Exercise objective: While copying the entries exactly, leave out each picture they contain.

Data shown:
'''

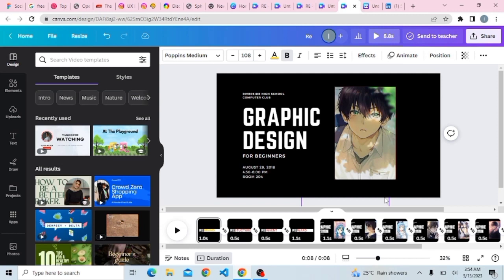That's how you can create a simple scroll effect using Canva. Please subscribe to my channel if you haven't yet, and turn on your bell notification so you receive updates on my next video. Thank you so much.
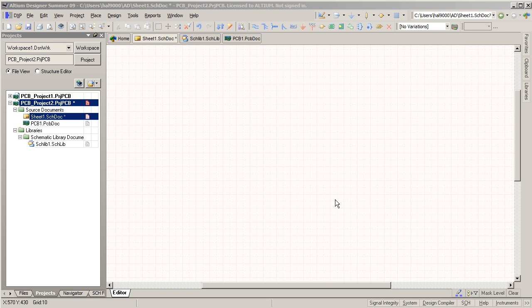Hello! Sooner or later you'll have to make your own libraries for Altium Designer. And that's what I'm going to go through in this tutorial.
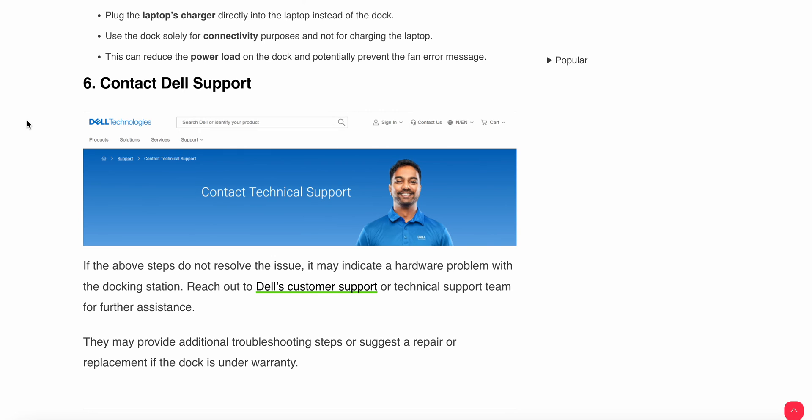After that, if all the fixes do not work properly, then you need to connect with the support team. They may provide additional troubleshooting steps or suggest a repair or replacement if it is needed or under warranty. Thank you and have a nice day. Subscribe to our YouTube channel for further information - one of these fixes will help you resolve your issue.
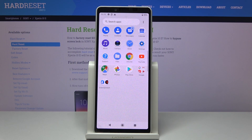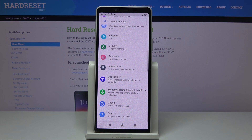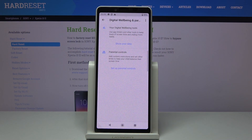First of all, you have to open the list of all apps, then find and select Settings. Here you should pick Digital Wellbeing and Parental Controls.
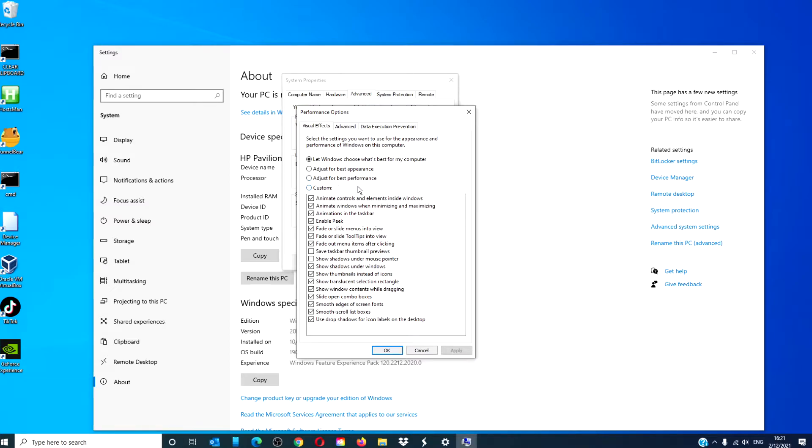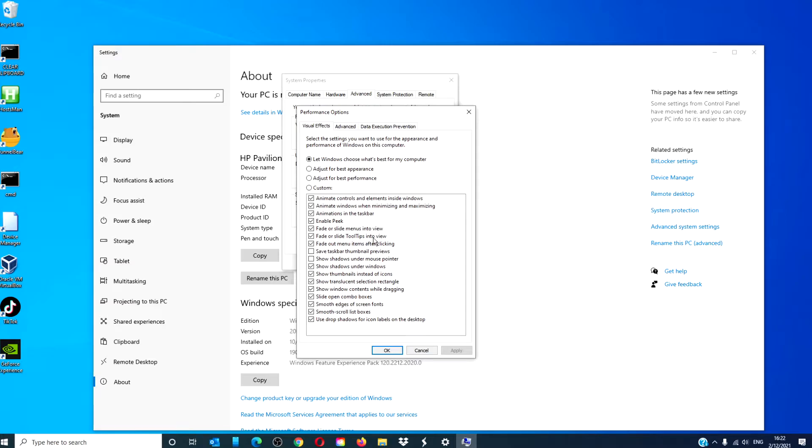For better performance, what you should probably do is uncheck fade out menu items after clicking, fade or slide tooltips into view, fade or slide menus into view, animate windows when minimizing.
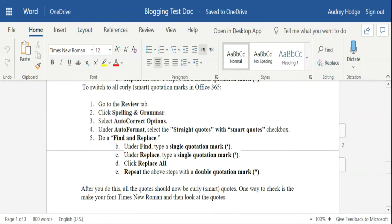So to do that, pull up your Word document and then go to Review at the top toolbar, over here to Spelling and Grammar, and then click on AutoCorrect Options. Then you're going to come down here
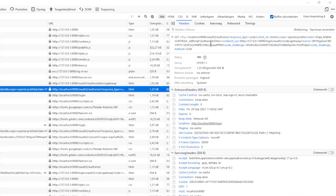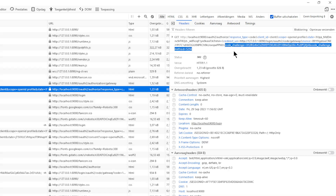For a URL with PKCE, you have additional security. The URL includes: response type, client ID, scope, state, redirect URL, nonce, code challenge, and code challenge method.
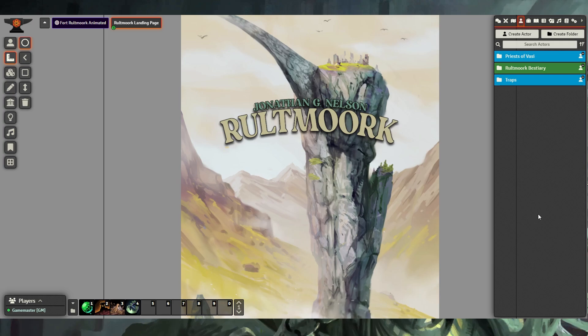That concludes our Rote Mark for Foundry VTT Dungeon Master tutorial. We hope that you enjoy the adventure, and if you have any questions, please join us on the AAW Discord server. Thanks, and safe adventuring.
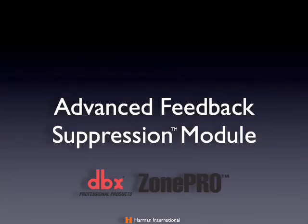Advanced Feedback Suppression Module. The AFS module allows you to use fixed filters for notching out problematic frequencies, thereby eliminating feedback.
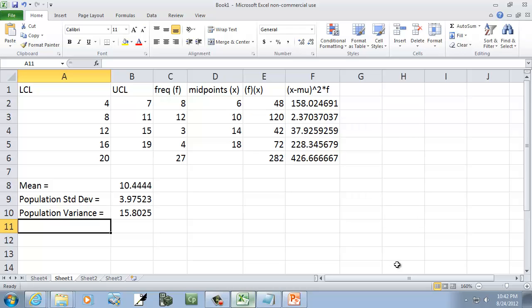That's how you find the population standard deviation and the population variance from a frequency table.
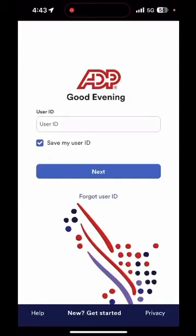Welcome to the ADP mobile app training. Today we will review some general functions of the ADP mobile app such as how to clock in, how to view your time card, and how to request time off. So let's get started.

'''

Problem solution:
That's how you can create a simple scroll effect using Canva. Please subscribe to my channel if you haven't yet, and turn on your bell notification so you receive updates on my next video. Thank you so much.
Hello! Sooner or later you'll have to make your own libraries for Altium Designer. And that's what I'm going to go through in this tutorial.
After that, if all the fixes do not work properly, then you need to connect with the support team. They may provide additional troubleshooting steps or suggest a repair or replacement if it is needed or under warranty. Thank you and have a nice day. Subscribe to our YouTube channel for further information - one of these fixes will help you resolve your issue.
First of all, you have to open the list of all apps, then find and select Settings. Here you should pick Digital Wellbeing and Parental Controls.
For better performance, what you should probably do is uncheck fade out menu items after clicking, fade or slide tooltips into view, fade or slide menus into view, animate windows when minimizing.
So to do that, pull up your Word document and then go to Review at the top toolbar, over here to Spelling and Grammar, and then click on AutoCorrect Options. Then you're going to come down here
For a URL with PKCE, you have additional security. The URL includes: response type, client ID, scope, state, redirect URL, nonce, code challenge, and code challenge method.
That concludes our Rote Mark for Foundry VTT Dungeon Master tutorial. We hope that you enjoy the adventure, and if you have any questions, please join us on the AAW Discord server. Thanks, and safe adventuring.
Advanced Feedback Suppression Module. The AFS module allows you to use fixed filters for notching out problematic frequencies, thereby eliminating feedback.
That's how you find the population standard deviation and the population variance from a frequency table.
Welcome to the ADP mobile app training. Today we will review some general functions of the ADP mobile app such as how to clock in, how to view your time card, and how to request time off. So let's get started.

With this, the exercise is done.